Revival Period in Insurance

What is a revival period in insurance and how do you revive a policy during the revival period? Find out everything you need to know.

What is the Revival Period in Insurance?

The revival period in insurance refers to the specific timeframe during which a lapsed policy can be reinstated or revived by the policyholder. A policy lapses when premiums are not paid within the due date and the subsequent grace period. During the revival period, the policyholder can reactivate the policy by fulfilling certain conditions, such as paying the overdue premiums along with applicable interest and providing updated health declarations if required.

For example, if a life insurance policy lapses due to non-payment of premiums, the policyholder may have up to two years to revive it, depending on the policy terms.

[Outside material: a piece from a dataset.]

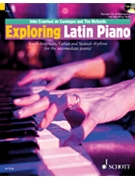 Exploring Latin Piano by Crawford and Richards for Keyboard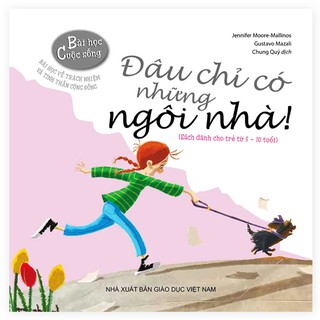 Bài Học Cuộc Sống - Đâu Chỉ Có Những Ngôi Nhà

Key Features of the Revival Period

  1. Limited Duration: The revival period is typically a few months to a few years, as specified in the policy document. For example, many life insurance policies allow a revival period of up to two or five years.
  2. Health Declaration or Medical Examination: Insurers may require updated health information or a medical check-up before reinstating the policy, especially if a significant time has passed since the lapse.
  3. Payment of Dues: The policyholder must pay all overdue premiums along with any applicable interest or penalties to revive the policy.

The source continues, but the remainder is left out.